Selain itu, saya juga sempat mempelajari Aussie Accent saking excited-nya hahaha. Bahkan teman saya sampai mengomentari bahwa aksen bahasa Inggris saya sudah berubah, yang semulanya American Accent Orientated menjadi Aussie Accent Orientated.
Setelah UNSW Open Day yang berhasil membuat saya tertarik ke OZ, saya juga jadi rajin browsing informasi soal pameran pendidikan. Saya juga sempat hadir di beberapa edu fair seperti di SUN Education Expo di Bandung yang membuat saya juga tertarik belajar di Curtin. Acara Edu Expo-nya IDP juga sempat saya hadiri yang berhasil 'mempertemukan' saya dengan Auckland Uni dan Macquarie Uni, selain UniMelb tentunya, hehe.
Tapi setelah seminggu yang lalu saya menghadiri EHEF 2014 di Balai Kartini, saya jadi tertarik untuk kuliah di Ireland juga, penjelasan dari Cian Cafferky membuat saya kepincut untuk kuliah di University College Dublin.
Memang benar, pada akhirnya mata saya lebih terbuka lebar dan saya jadi memiliki banyak options untuk mengirimkan aplikasi saya nantinya. saya juga sempat terpikir untuk mendaftar juga ke Uni of Helsinki, Lund Uni, dan Uni of Oslo. Tapi ya mungkin saya perlu waktu untuk memikirkan semuanya secara matang.

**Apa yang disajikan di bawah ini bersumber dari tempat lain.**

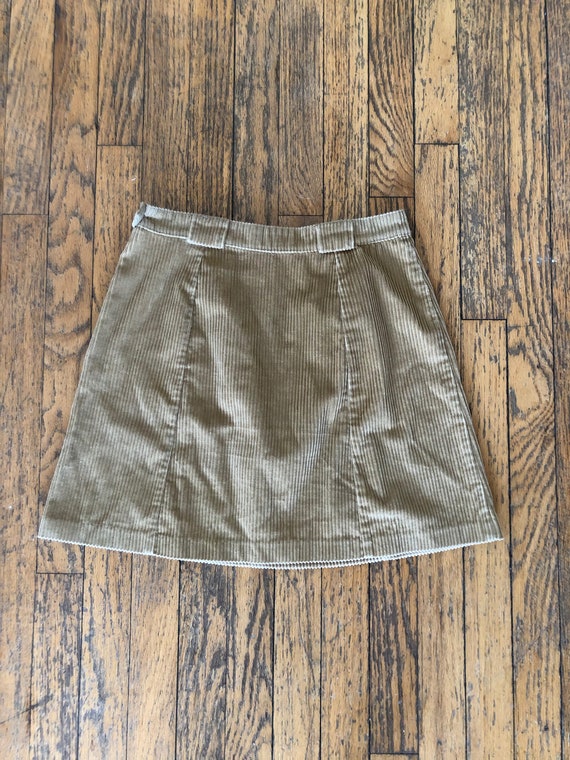 Vintage 90s corduroy mini skirt - image 3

Teman-teman saya yang lain sebenarnya mempertanyakan mengapa saya memilih Australia di saat yang lain justru memilih Jerman, Perancis, Belanda, UK dan USA. Well, sebenarnya yang menyebabkan saya tidak memilih negara-negara tersebut dikarenakan saya kurang pede untuk mendaftar karena saya sadar diri dengan kualitas diri saya. Negara-negara tersebut cenderung lebih ketat dan memasang standard yang tinggi bagi calon mahasiswanya. Bahkan mereka mewajibkan mahasiswa S2-nya untuk membuat thesis. Lain halnya dengan Aussie yang tidak mewajibkan thesis (Master by Coursework). Pertimbangan lainnya adalah karena Aussie merupakan English-speaking country, saya sadar bahwa sama sekali tidak memiliki kemampuan berbahasa asing selain bahasa Inggris, sedangkan negara seperti Perancis dan Jerman mewajibkan calon mahasiswanya untuk memiliki kemampuan bahasa nasional di negara tersebut. Selain itu, jika saya memilih English-speaking country, hal ini akan memudahkan saya untuk adjust dan settled karena saya bisa lebih mudah untuk bersosialisasi jika dibandingkan di negara lain (pendapat saya sih -red).

Well, semoga di tahun 2015 atau 2016 saya bisa merealisasikan impian saya ini. Amin.